La palabra mediocre procede del latín mediocris, un vocablo compuesto por los términos medius (medio, intermedio, central) y ocris (montaña). Mediocris, en consecuencia, aludiría, etimológicamente, al que se queda a mitad de la montaña, es decir, a media altura. De ahí la primera definición que ofrece el Diccionario de la RAE: “de calidad media”. Esta mediocridad que, para Ingenieros, constituía la negación de la excelencia se ha extendido por todos los niveles de la sociedad contemporánea transformándose en una suerte de ‘medida’ o ‘estándar’ de lo que está ‘bien’. “La mediocracia —señala Deneault— nos anima de todas las maneras posibles a amodorrarnos antes que a pensar, a ver como inevitable lo que resulta inaceptable y como necesario lo repugnante”. Un ejemplo de ello es la categoría de ‘sobrecalificado’ que se le endilga al aspirante a un empleo cuando sus aptitudes ‘superan’ las que la empresa cree necesitar para un cargo determinado. Es decir, cuando el susodicho es ‘demasiado’ bueno para el puesto. No conviene, en efecto, destacar por encima del promedio o tener virtudes (como la honradez) que pueden entrar en colisión con las metas de la compañía. Ni siquiera las universidades —supuestos emblemas de la excelencia— escapan a este proceso de adocenamiento. Lo pueden decir los profesores que, en lugar de dedicar su tiempo a la investigación o preparación de clases, deben emplearlo —so pena de sanción— rellenando formularios o elaborando engorrosos informes administrativos.

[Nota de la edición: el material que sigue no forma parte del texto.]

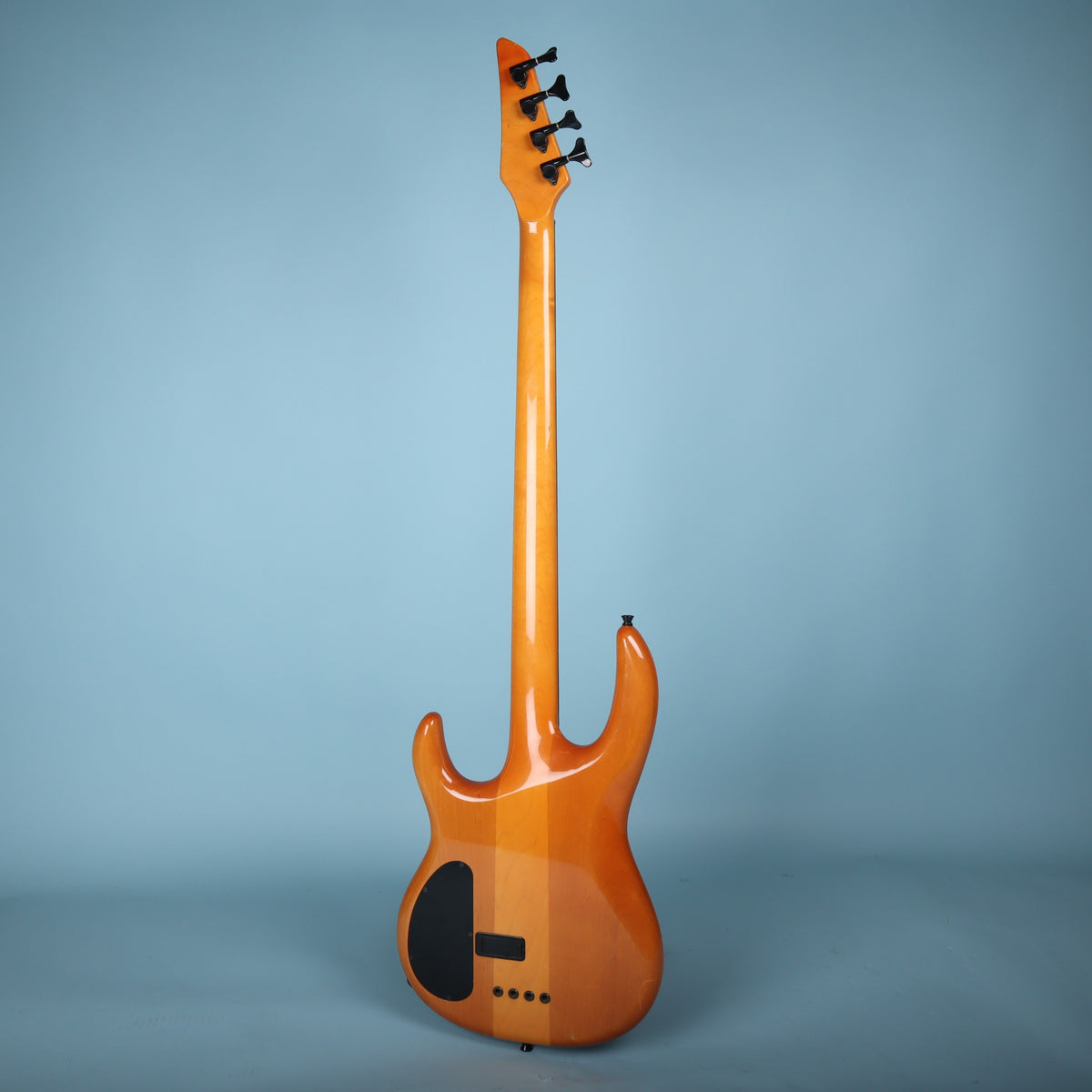 Full rear view of the Carvin LB70 electric bass showing the one-piece neck-through design.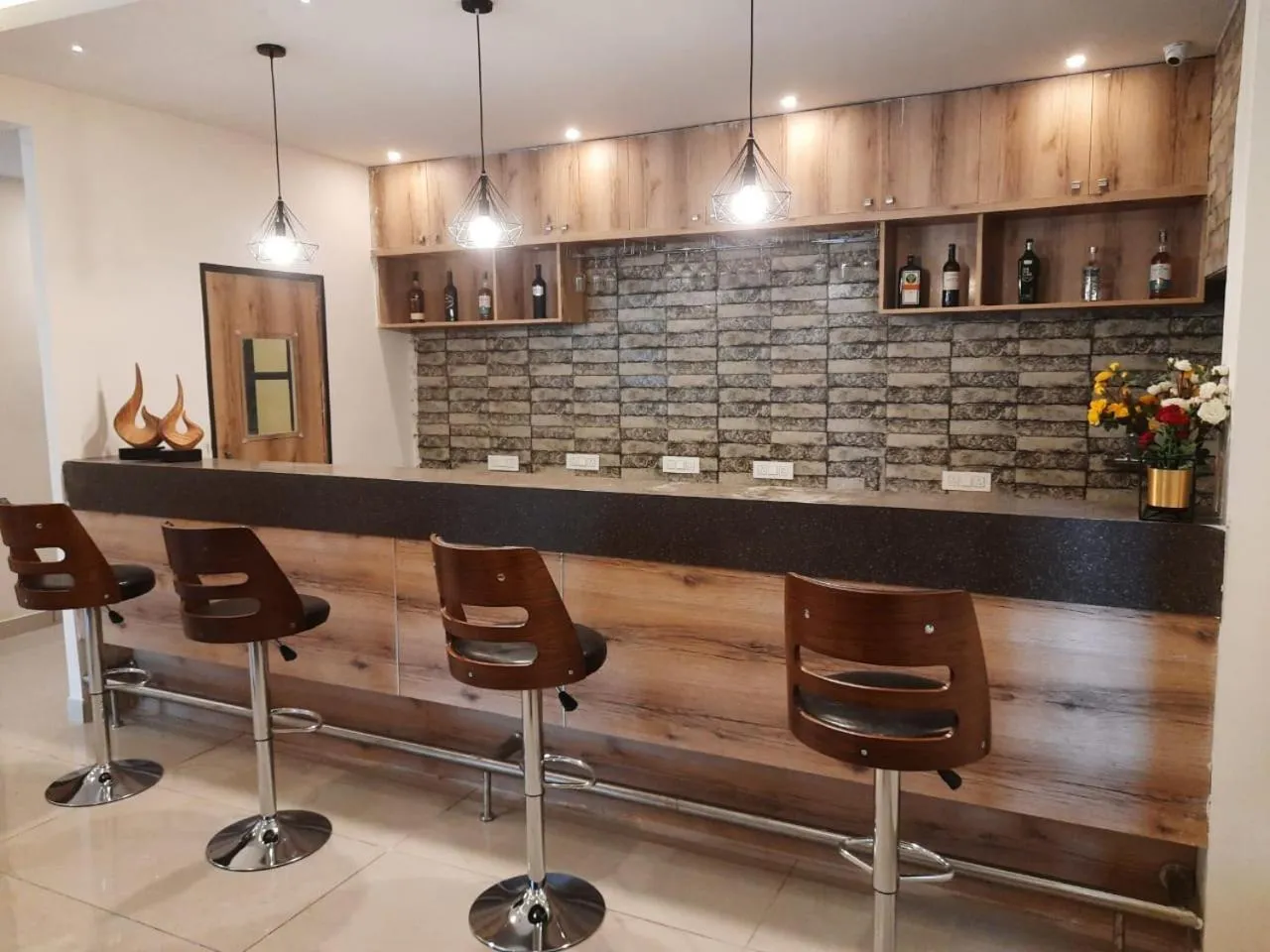 Seating area in Regenta INN Grand Koramangala by Royal Orchid Hotels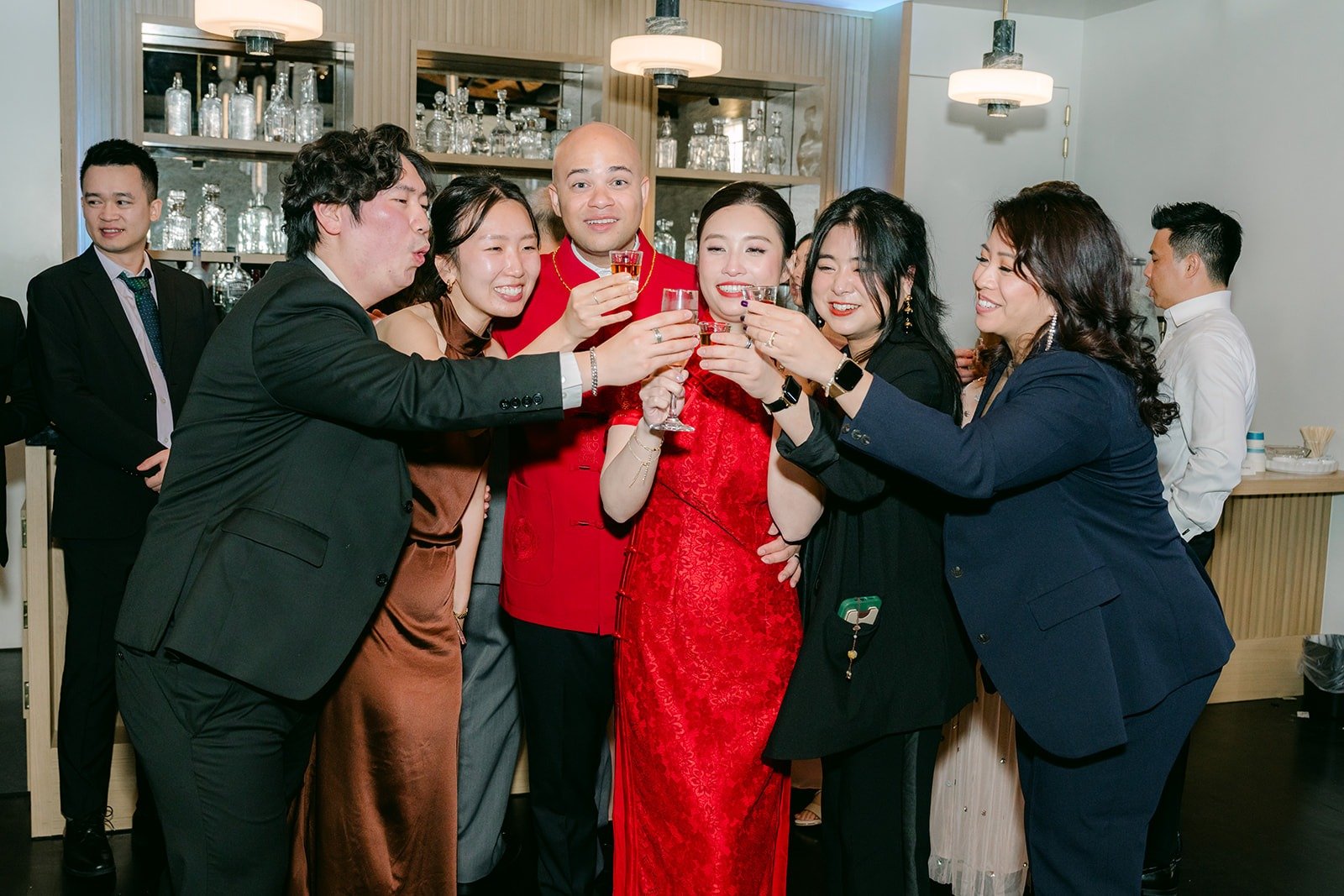 Elisa and Brandon toast with guests by the bar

El origen de esta mediocracia se retrotrae al momento en que los profesionales se convirtieron en ‘recursos humanos’, y el trabajo en un medio de supervivencia en el que lo que único que importa es la utilidad y rentabilidad de los resultados en detrimento de la calidad o excelencia de todo el proceso de realización. De ahí la acotación que hace el filósofo canadiense: “Mediocridad no es sinónimo de incompetencia. Uno puede ser un mediocre muy competente, es decir, aplicado, servil y libre de todas las convicciones y pasiones propias. En ese caso, el futuro es suyo porque las instituciones de poder son reacias a codearse con personas comprometidas política y moralmente o que sean originales en sus pensamientos y métodos”. Llegamos así a un escenario impensado, donde la mediocridad no solo no es combatida ni deplorada, sino que es fomentada y promovida por el mismo sistema. Un sistema que Deneault denomina precisamente mediocracia.